An open letter to a high-profile remainer

If we all write to our opponents, they may start thinking a bit more seriously about future membership of the European Union, giving us a far better chance of winning the coming referendum.

The following letter highlights risk management. There is a strong case for spreading its message  because we traditionally are far better at risk management and the EU is a failing political/bureaucratic experiment that encourages irresponsible behaviour and mutualises the resulting problems making them far worse.

Dear Mr Cameron,

I read with some concern a transcript of your recent speech (9th May on strength and security) which supported remaining in the European Union (EU) and highlighted the risks of leaving.  Whilst to paraphrase Mark Carney on the Andrew Marr Show, 16th May, highlighting risks is necessary in order to mitigate them, nothing is being said about the risks of remaining.  Could this be that whilst we traditionally are rather good at risk management, the risks arising from remaining within the EU are beyond our capabilities of risk management or mitigation? Thus the Public could be unaware of serious risks of remaining which cannot be effectively mitigated, whilst also being fearful of leaving under an erroneous impression regarding its riskiness?

I find developments within the EU, as reported recently in the Daily Mail  and the Daily Telegraph, rather alarming; hence my raising the subject of risk management and mitigation. We are not being asked to remain in the EU as it is now, but an EU which is highly unstable and on a trajectory to create a superstate.

From a risk management perspective, the EU, by extending its powers and adopting ‘one size fits all’ policies that apply to all member states, faces serious risks whereby some Member States will be extremely adversely affected. Some examples of this are the €uro and mass migration. Also there is a tendency to mutualise local issues or problems to all Member States making the results far worse, where previously these problems did not exist, such as with certain ECJ rulings.  It would appear, then, that the EU is inherently much poorer at risk management and mitigation than we are.

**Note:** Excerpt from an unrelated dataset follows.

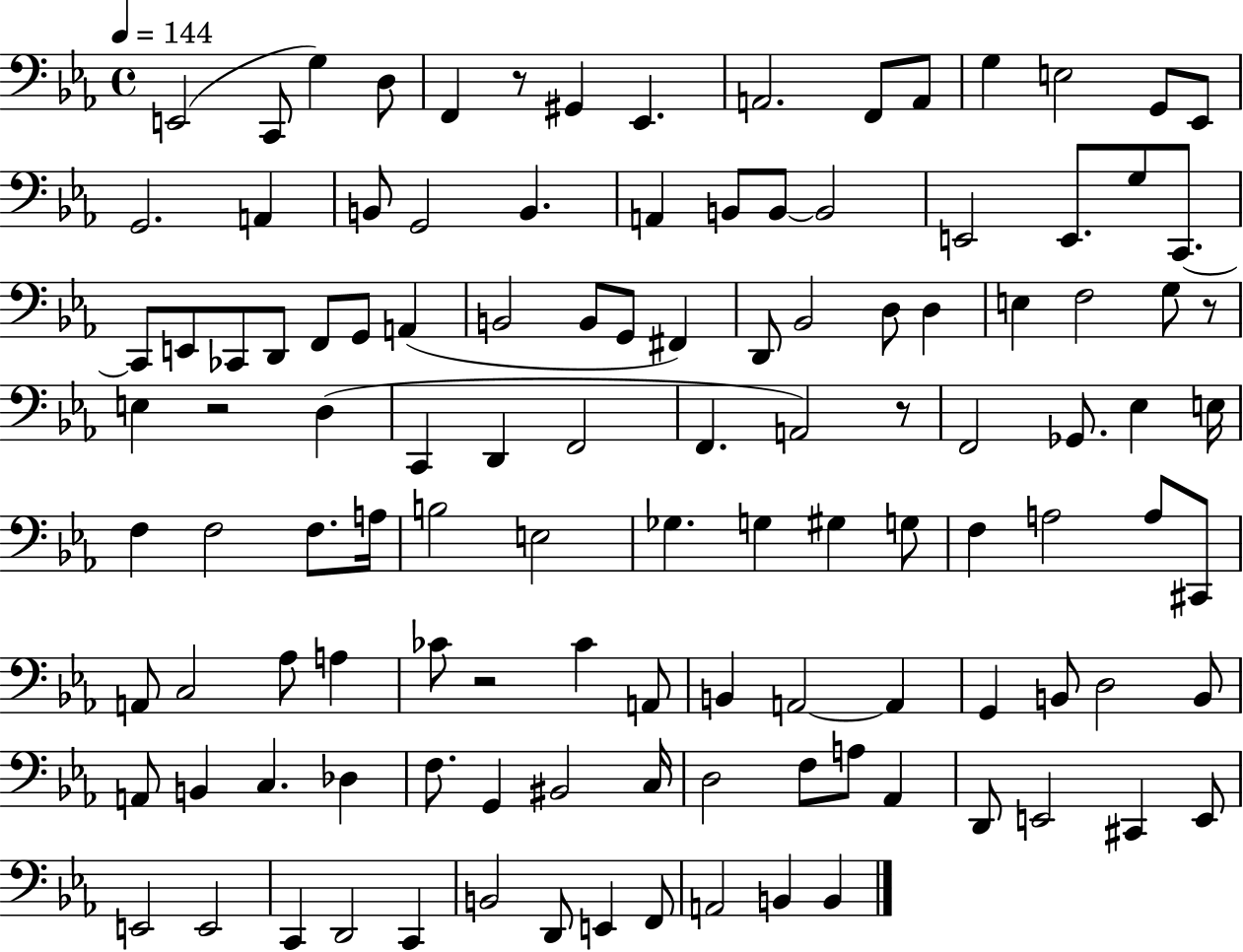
E2/h C2/e G3/q D3/e F2/q R/e G#2/q Eb2/q. A2/h. F2/e A2/e G3/q E3/h G2/e Eb2/e G2/h. A2/q B2/e G2/h B2/q. A2/q B2/e B2/e B2/h E2/h E2/e. G3/e C2/e. C2/e E2/e CES2/e D2/e F2/e G2/e A2/q B2/h B2/e G2/e F#2/q D2/e Bb2/h D3/e D3/q E3/q F3/h G3/e R/e E3/q R/h D3/q C2/q D2/q F2/h F2/q. A2/h R/e F2/h Gb2/e. Eb3/q E3/s F3/q F3/h F3/e. A3/s B3/h E3/h Gb3/q. G3/q G#3/q G3/e F3/q A3/h A3/e C#2/e A2/e C3/h Ab3/e A3/q CES4/e R/h CES4/q A2/e B2/q A2/h A2/q G2/q B2/e D3/h B2/e A2/e B2/q C3/q. Db3/q F3/e. G2/q BIS2/h C3/s D3/h F3/e A3/e Ab2/q D2/e E2/h C#2/q E2/e E2/h E2/h C2/q D2/h C2/q B2/h D2/e E2/q F2/e A2/h B2/q B2/q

Can the EU become much better at risk management or even reform?  Professor John W Hunt, concluded on the basis of his studies of organisational behaviour in the EU and other international bodies, that reform always gets pushed to the bottom of the pile. He noted: “International bodies rarely have a power base of their own….. To justify themselves, these highly paid, often initially idealistic staff spend their time developing yet more ideas that can’t be implemented. The result is the worst of all worlds, there being nothing more cynical than a bunch of rich, demoralised ex-idealists.” Thus it is reasonable to assume the EU will largely remain unchanged, unreformed and poor at risk management.

I would be happy to discuss this further because we really do need an intelligent debate on all the serious risks not just those of leaving (which can be mitigated), but also those of remaining (which cannot).

You should, after an examination of all risks and their risk management, including those of remaining, heed the words of a great former Conservative Prime Minister, Lord Salisbury:- ‘The commonest error in politics is sticking to the carcasses of dead policies. When a mast falls overboard, you do not try to save a rope here and a spar there in memory of their former utility. You cut away the hamper altogether. It should be the same with policy, but it is not so. We cling to the shred of an old policy after it has been torn to pieces, and to the shadow of the shred after the rag itself has been torn away.